In the copy, include exactly the lines from the one with "Armband livets träd - Armband" through the end of the data and no others, both ends kept, with every picture left out.
======== Task inputs
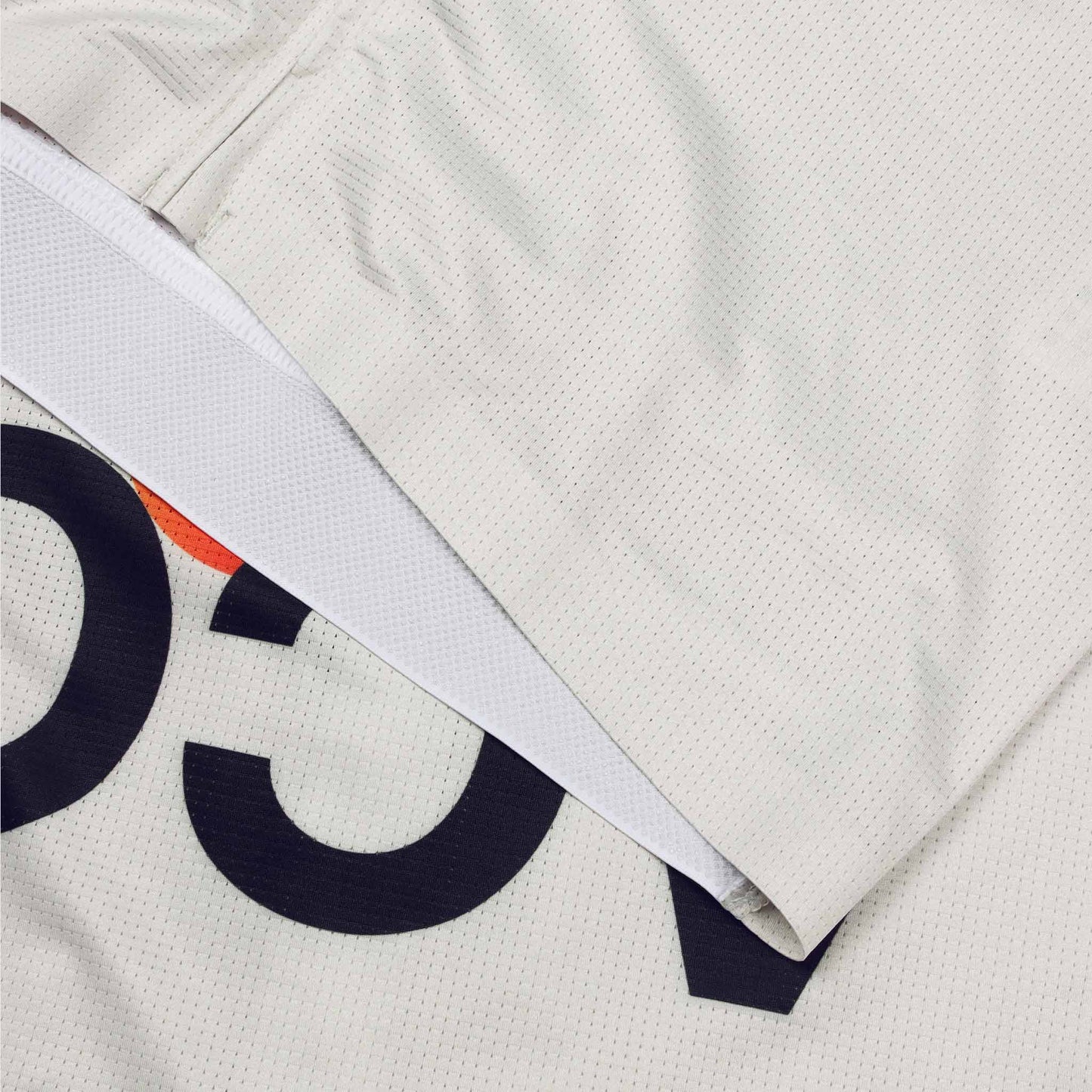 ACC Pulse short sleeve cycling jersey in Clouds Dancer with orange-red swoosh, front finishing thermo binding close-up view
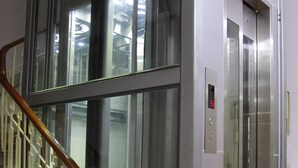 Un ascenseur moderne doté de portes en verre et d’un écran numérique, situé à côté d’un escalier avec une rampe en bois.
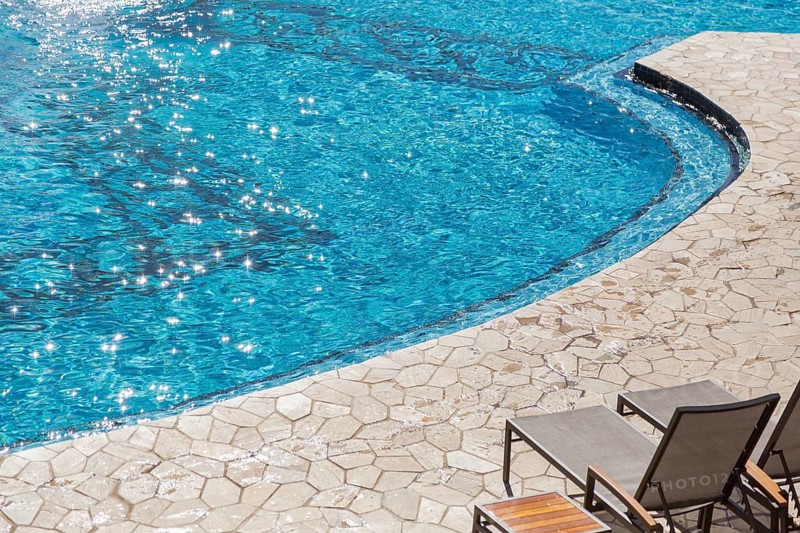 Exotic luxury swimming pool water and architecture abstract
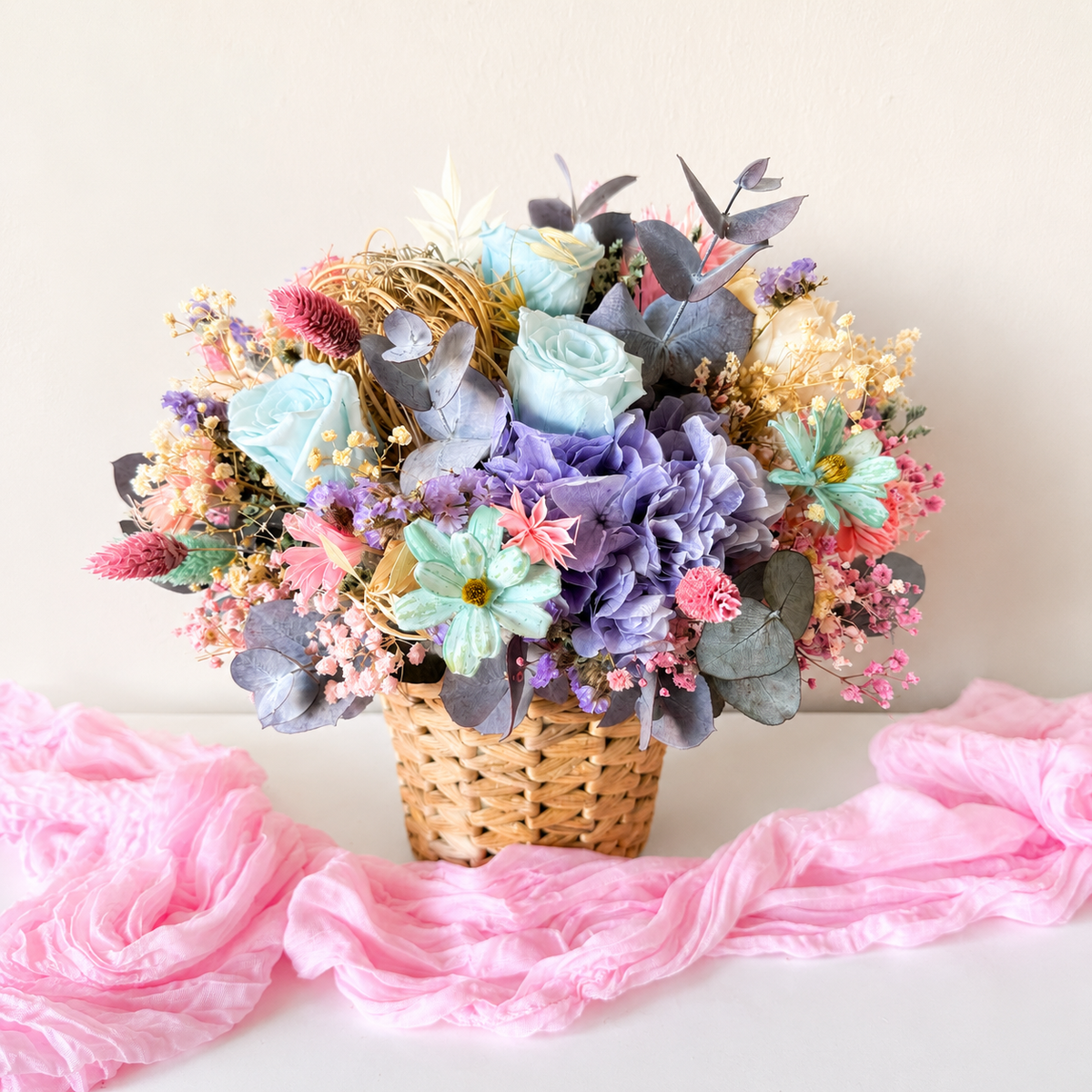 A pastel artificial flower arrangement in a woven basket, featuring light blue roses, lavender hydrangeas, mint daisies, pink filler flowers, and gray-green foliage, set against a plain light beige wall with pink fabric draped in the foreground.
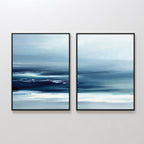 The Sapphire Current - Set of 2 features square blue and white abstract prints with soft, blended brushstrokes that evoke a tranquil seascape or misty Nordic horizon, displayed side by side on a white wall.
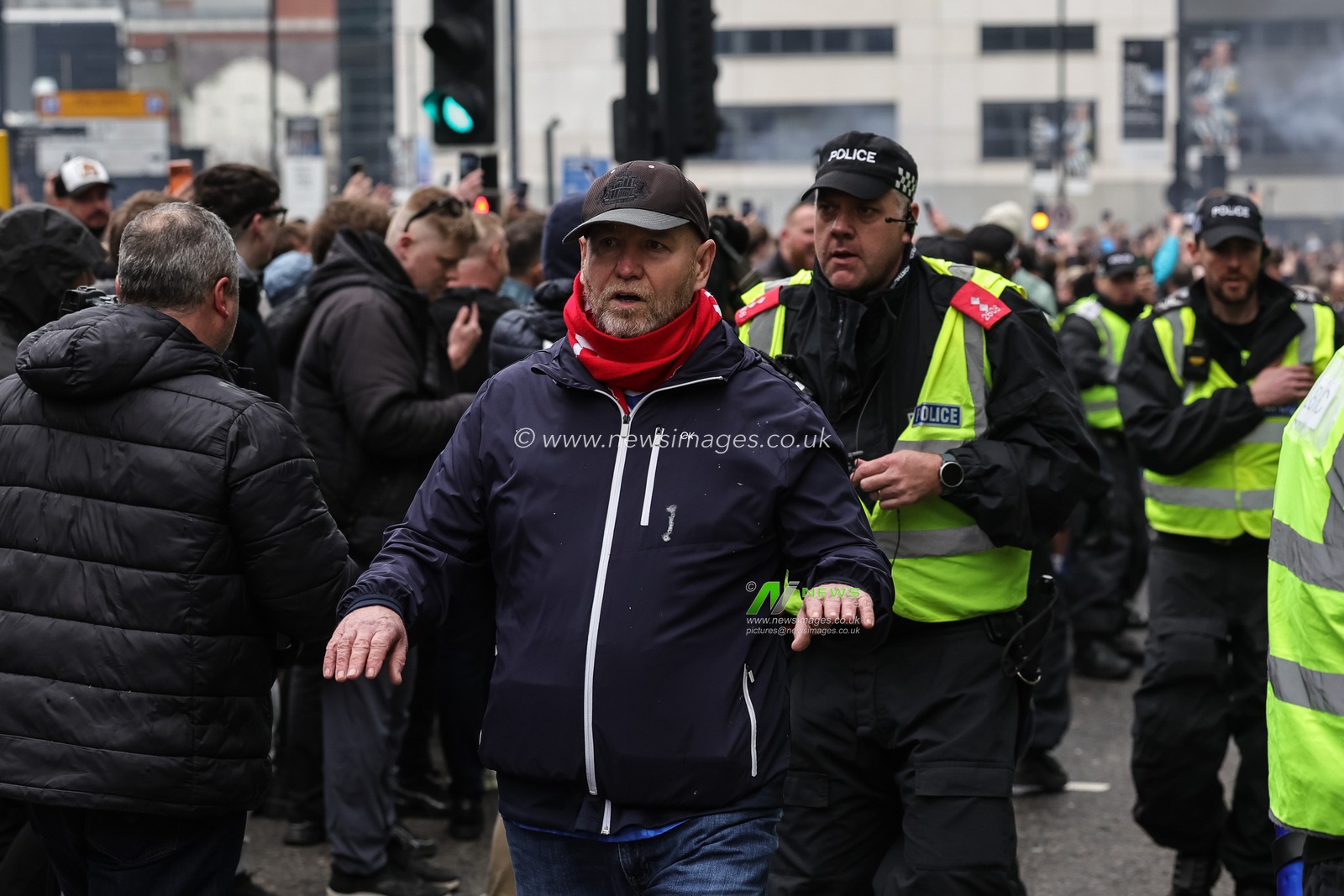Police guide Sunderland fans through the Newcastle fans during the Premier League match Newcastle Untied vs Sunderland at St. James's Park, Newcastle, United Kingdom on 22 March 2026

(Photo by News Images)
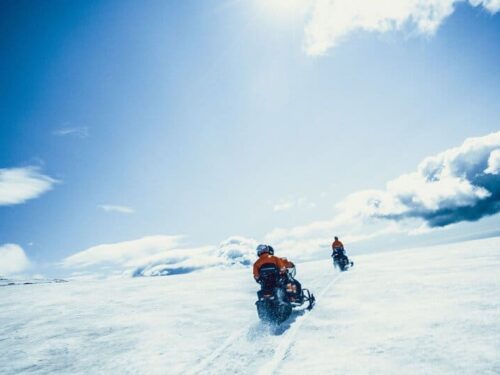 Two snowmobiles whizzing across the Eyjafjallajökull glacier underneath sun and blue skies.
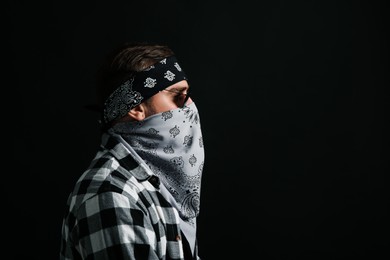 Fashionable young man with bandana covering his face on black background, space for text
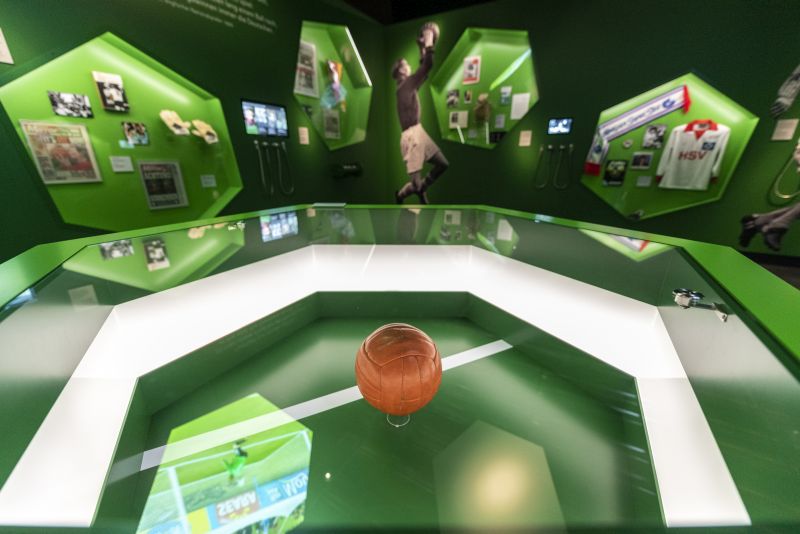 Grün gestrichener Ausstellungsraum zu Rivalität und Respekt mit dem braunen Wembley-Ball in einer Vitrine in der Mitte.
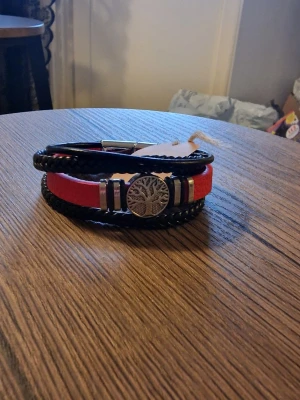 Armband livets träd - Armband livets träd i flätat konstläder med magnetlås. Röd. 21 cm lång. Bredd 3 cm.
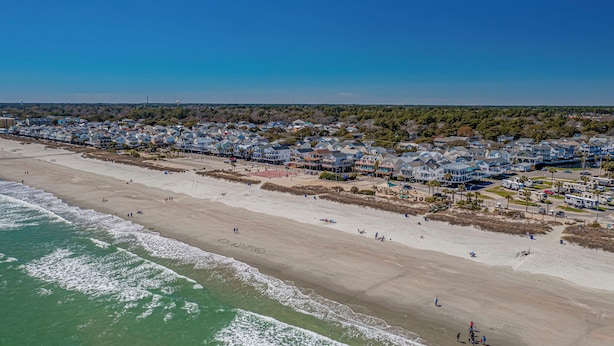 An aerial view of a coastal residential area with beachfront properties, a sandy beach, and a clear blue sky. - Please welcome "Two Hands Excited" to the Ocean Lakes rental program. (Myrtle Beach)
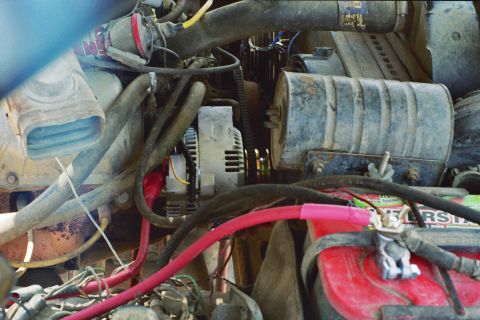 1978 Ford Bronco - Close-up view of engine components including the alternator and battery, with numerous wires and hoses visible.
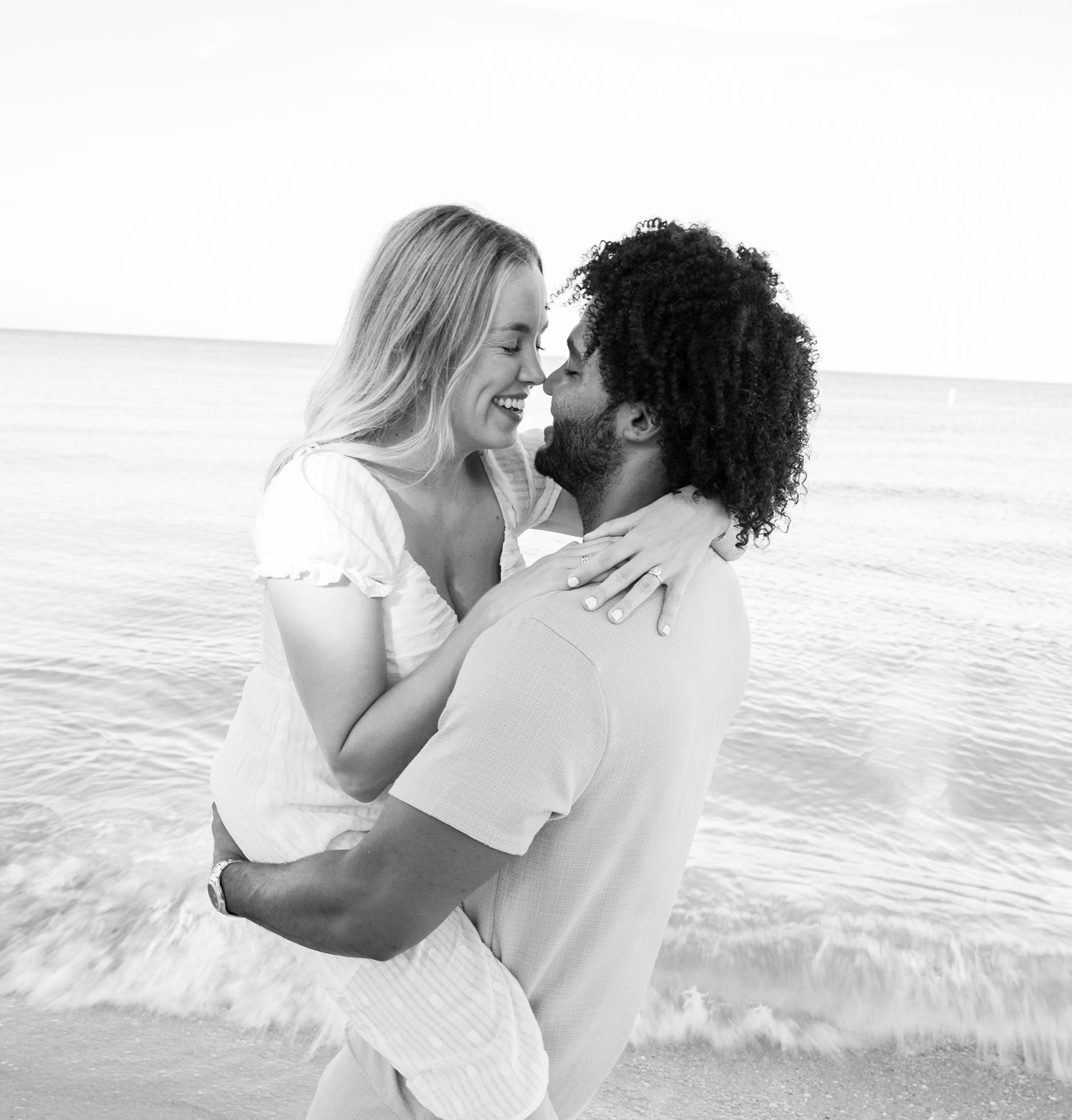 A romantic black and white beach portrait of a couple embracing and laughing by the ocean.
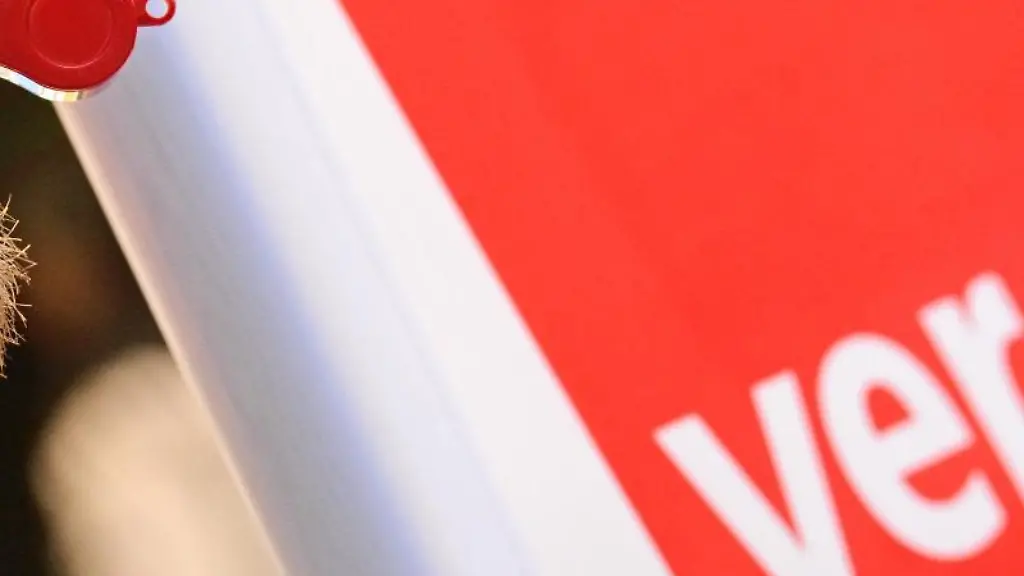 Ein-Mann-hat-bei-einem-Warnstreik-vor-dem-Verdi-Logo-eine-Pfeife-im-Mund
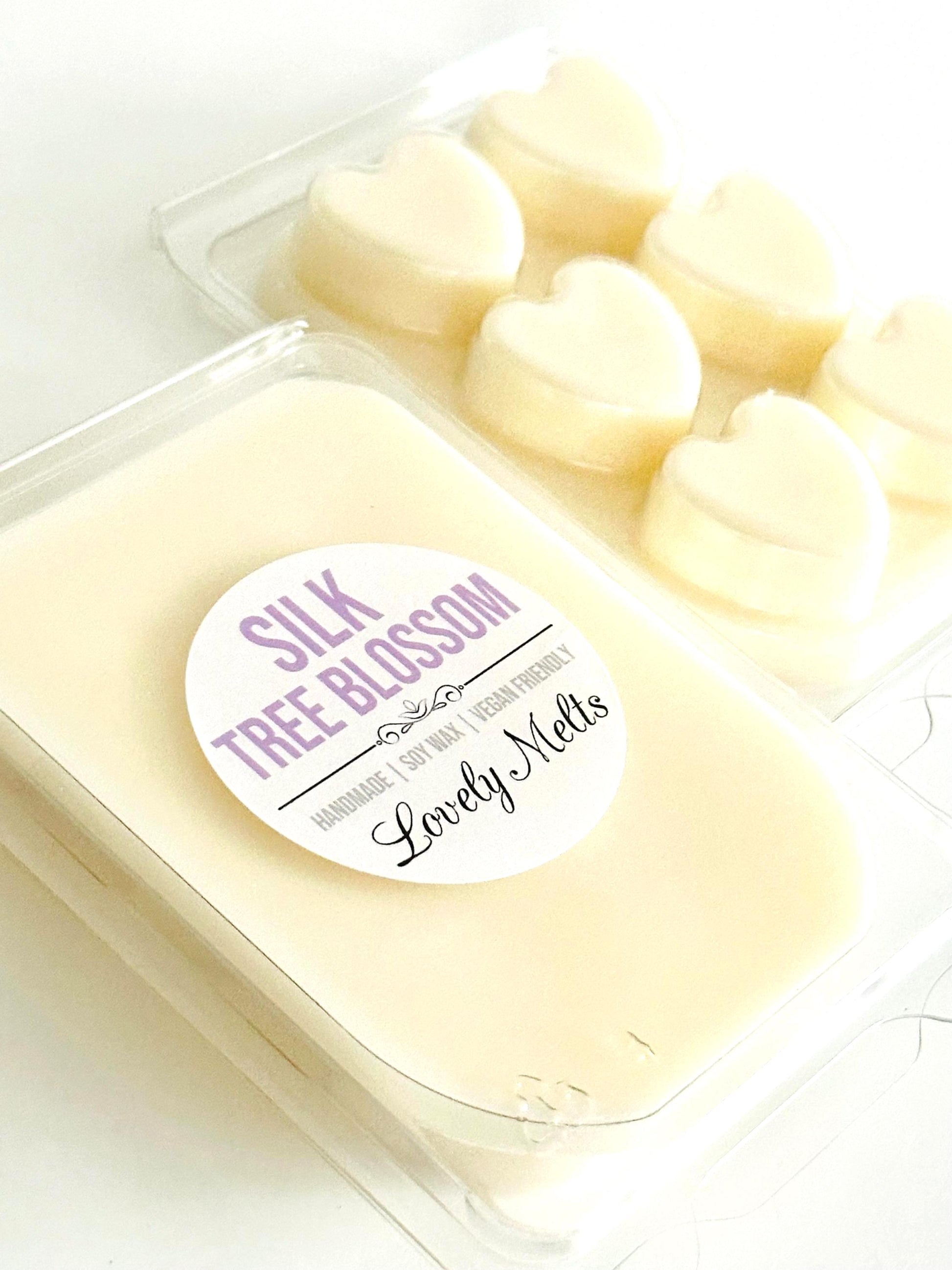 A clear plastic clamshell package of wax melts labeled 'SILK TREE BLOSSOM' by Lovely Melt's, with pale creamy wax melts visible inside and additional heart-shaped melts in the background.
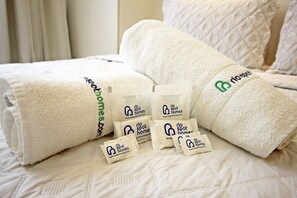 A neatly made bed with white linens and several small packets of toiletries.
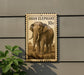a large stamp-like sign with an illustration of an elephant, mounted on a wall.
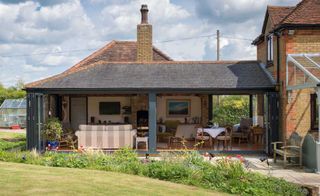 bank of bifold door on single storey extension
================
Output:
 Armband livets träd - Armband livets träd i flätat konstläder med magnetlås. Röd. 21 cm lång. Bredd 3 cm.
 An aerial view of a coastal residential area with beachfront properties, a sandy beach, and a clear blue sky. - Please welcome "Two Hands Excited" to the Ocean Lakes rental program. (Myrtle Beach)
 1978 Ford Bronco - Close-up view of engine components including the alternator and battery, with numerous wires and hoses visible.
 A romantic black and white beach portrait of a couple embracing and laughing by the ocean.
 Ein-Mann-hat-bei-einem-Warnstreik-vor-dem-Verdi-Logo-eine-Pfeife-im-Mund
 A clear plastic clamshell package of wax melts labeled 'SILK TREE BLOSSOM' by Lovely Melt's, with pale creamy wax melts visible inside and additional heart-shaped melts in the background.
 A neatly made bed with white linens and several small packets of toiletries.
a large stamp-like sign with an illustration of an elephant, mounted on a wall.
 bank of bifold door on single storey extension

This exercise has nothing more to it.